Clark Quinn's Learnings about Learning
(The Official Quinnovation blog)

31 January 2008

K-12 education and technology

Clark @ 8:37 AM

On Monday, my day started with a meeting with our local school principal. No, my kids weren’t in trouble, nor was I, but instead I’d been offering to assist in improving the use of technology in the classroom, and the new principal finally got the message. So, I’m helping out.

The funding situation is dire; everything but No Child Left Untested, and legal requirements for special education is pretty much optional and dependent on parent support. However, there are grants available, and there’s an opportunity in our local community, so I’ve been giving advice.

It’s hampered, of course, by the state standards. They’re at the level of ‘use MS Word to do X’. Which is just wrong. There’s nothing wrong with using Word, but the standard should be focusing on the goal: ‘communicate Y using a word processing program capable of X’ or somesuch. And it shouldn’t be an independent goal, but a layer on top of curriculum goals ‘Outline and then finalize an article about the local Indians using a word processing program such as MS Word’. Hey, I’m thinking it might be Google Docs or Pages!

It gets back to your curriculum goals, and I’ve already argued those should be about using tools to accomplish goals like communicate, collaborate, evaluate, etc. So, together we’re considering using the grant (which has to buy technology) to run workshops that help the teachers rewrite lesson plans to use technology as a tool (and we’ll buy some projectors so the output can be viewed).

Of course, the workshops will have to require the teachers to create files and presentations, since some of them aren’t tech-savvy. And others of the teachers believe teaching to use the tools, e.g training on PowerPoint, is the answer. However, research tells us that if we teach the tools as ends in themselves, they won’t be used as tools to accomplish goals. I suggested that we even not teach the tools, but just give the goals and have reference cards around. Sometimes I think we don’t give kids enough credit!

Of course this is all further hampered by a limited tech environment. Students can manipulate other’s files, and even misplace their own, instead of saving into a safe place. A major district level effort was to get the teachers to all put their name, phone number, and email address on their school web page.  I said that that information should be auto-populated from a data base. Of course, silly me, the district system isn’t that sophisticated.

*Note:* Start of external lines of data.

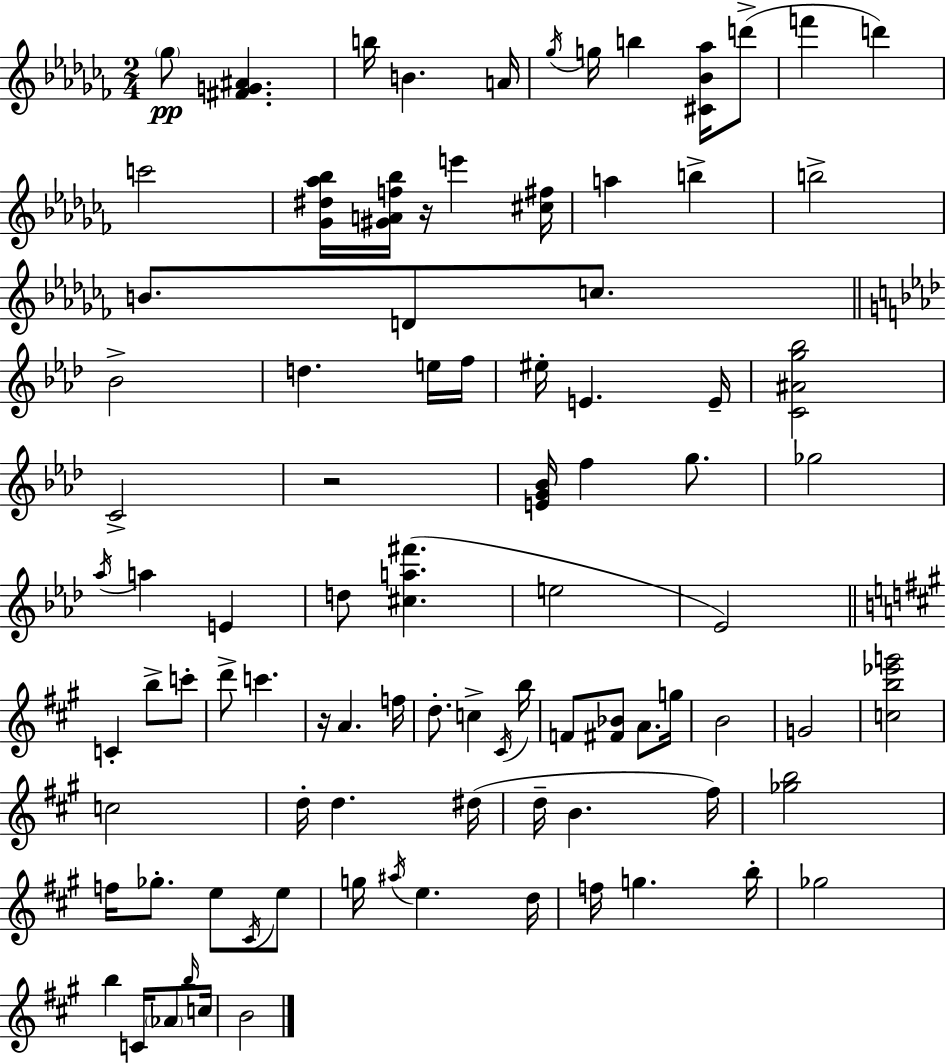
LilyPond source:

{
  \clef treble
  \numericTimeSignature
  \time 2/4
  \key aes \minor
  \parenthesize ges''8\pp <fis' g' ais'>4. | b''16 b'4. a'16 | \acciaccatura { ges''16 } g''16 b''4 <cis' bes' aes''>16 d'''8->( | f'''4 d'''4) | \break c'''2 | <ges' dis'' aes'' bes''>16 <gis' a' f'' bes''>16 r16 e'''4 | <cis'' fis''>16 a''4 b''4-> | b''2-> | \break b'8. d'8 c''8. | \bar "||" \break \key f \minor bes'2-> | d''4. e''16 f''16 | eis''16-. e'4. e'16-- | <c' ais' g'' bes''>2 | \break c'2-> | r2 | <e' g' bes'>16 f''4 g''8. | ges''2 | \break \acciaccatura { aes''16 } a''4 e'4 | d''8 <cis'' a'' fis'''>4.( | e''2 | ees'2) | \break \bar "||" \break \key a \major c'4-. b''8-> c'''8-. | d'''8-> c'''4. | r16 a'4. f''16 | d''8.-. c''4-> \acciaccatura { cis'16 } | \break b''16 f'8 <fis' bes'>8 a'8. | g''16 b'2 | g'2 | <c'' b'' ees''' g'''>2 | \break c''2 | d''16-. d''4. | dis''16( d''16-- b'4. | fis''16) <ges'' b''>2 | \break f''16 ges''8.-. e''8 \acciaccatura { cis'16 } | e''8 g''16 \acciaccatura { ais''16 } e''4. | d''16 f''16 g''4. | b''16-. ges''2 | \break b''4 c'16 | \parenthesize aes'8 \grace { b''16 } c''16 b'2 | \bar "|."
}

Our kids are getting tech savvy, despite the school system, but it’s got great variation, naturally correlated with the tech savvy and financial resources of the parents, which suggests an ongoing digital divide. There’s a long road ahead of us to address the curriculum goal we really need to implement, and use the technology to support these goals. So, I’ll start on one little part, and see what can be done.


  1. Hey Clark. Caught your post. Regardless of the tech you decide to employ (You can guess my bias :-)) you might want to reach out to the folks at the Teacher Leadership Project as they might have some pointers for how to structure the training and might even be able to offer a session directly. I don’t know them directly myself, but I have read great things about their work. You can learn more about them here: http://www.microsoft.com/Education/PiLUSScalability.mspx under ‘Northwest Educational Service District 189’ and here: http://www.tlp2.org/resource/view/url/about.

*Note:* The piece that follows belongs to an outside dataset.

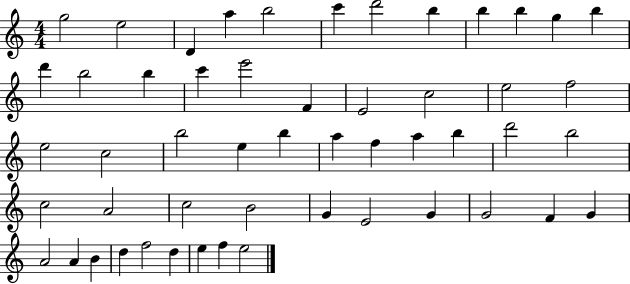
G5/h E5/h D4/q A5/q B5/h C6/q D6/h B5/q B5/q B5/q G5/q B5/q D6/q B5/h B5/q C6/q E6/h F4/q E4/h C5/h E5/h F5/h E5/h C5/h B5/h E5/q B5/q A5/q F5/q A5/q B5/q D6/h B5/h C5/h A4/h C5/h B4/h G4/q E4/h G4/q G4/h F4/q G4/q A4/h A4/q B4/q D5/q F5/h D5/q E5/q F5/q E5/h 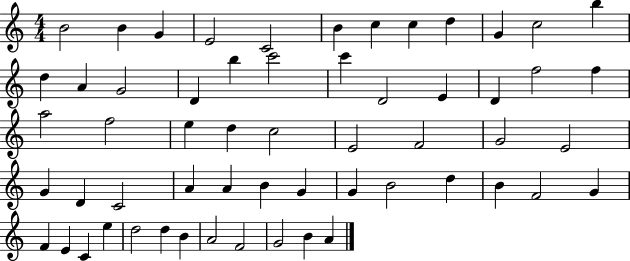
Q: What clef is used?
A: treble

    Good luck! It’s a long and winding road but learning how to fish is one of the most important steps to take. No doubt.

    Regards Stephen

    Comment by Stephen Coller — 31 January 2008 @ 10:25 AM

  2. I really think it’s great what you are trying to do with the school, and I agree that providing students with a boundary (such as teaching only certain aspects of a program) will only stop them from exploring the many possibilities that technology has to offer. It is essential that students are encouraged to explore the web (with guidance of course), because it holds many educational tools and opportunities that can further students’ knowledge and understanding.

    Comment by Danni — 31 January 2008 @ 8:50 PM

  3. You’re certainly right about not giving kids enough credit! We all know they learn technology easily…in fact, they learn it elegantly and organically. I recently watched my fourth-grade son spice up a report using Powerpoint (learning as he went). The end result was, while a little psychedelic, wonderfully engaging, using a wide variety of visual tools to highlight his main points. To try an teach him to do it “better” at this point would have been a shame. I mean, for the first time in years I wasn’t bored to tears watching a Powerpoint!

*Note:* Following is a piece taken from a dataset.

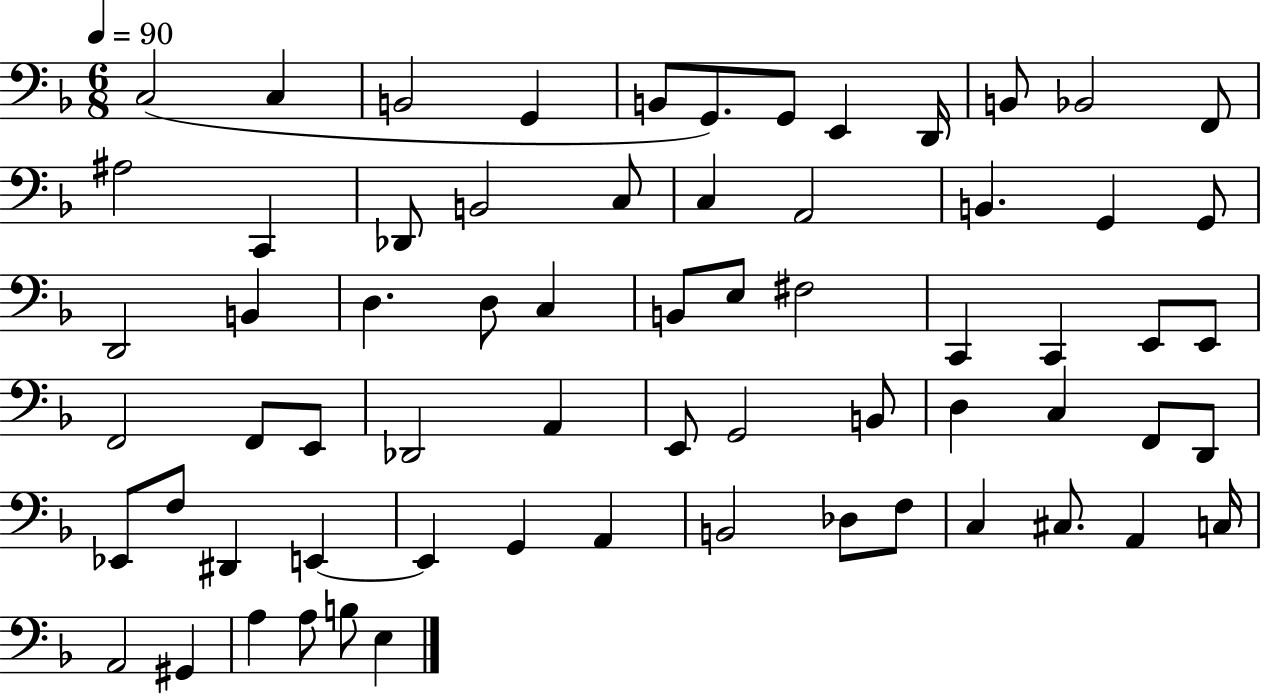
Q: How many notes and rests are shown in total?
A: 66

    Comment by Bill Malone — 1 February 2008 @ 6:08 AM

  4. Thanks, Stephen, for the pointers, I’ll check out the Teacher Leadership Project. When I was at KUIS, we shared office space (and a parent company) with Teacher Universe, so I’ve got some of the conceptual background, but there’s more to learn. And I agree, Danni & Bill, that kids need some encouragement (or, just freedom) and guidance, but they can pick up SO much on their own. Learning to learn themselves how to use tech and incorporate it as a tool, not a focus, will be a critical skill!

    Comment by Clark — 1 February 2008 @ 4:50 PM

  5. It really is so important to have teachers today prepared and willing to use technology. Convienience aside, our world today is so tech-focused that we need to prepare our students to be able to use this technology. I also think that it is important to educate techers on technology becasue if thye are more aware of what is oging on, they will be better able to stop students from getting into trouble on the computers.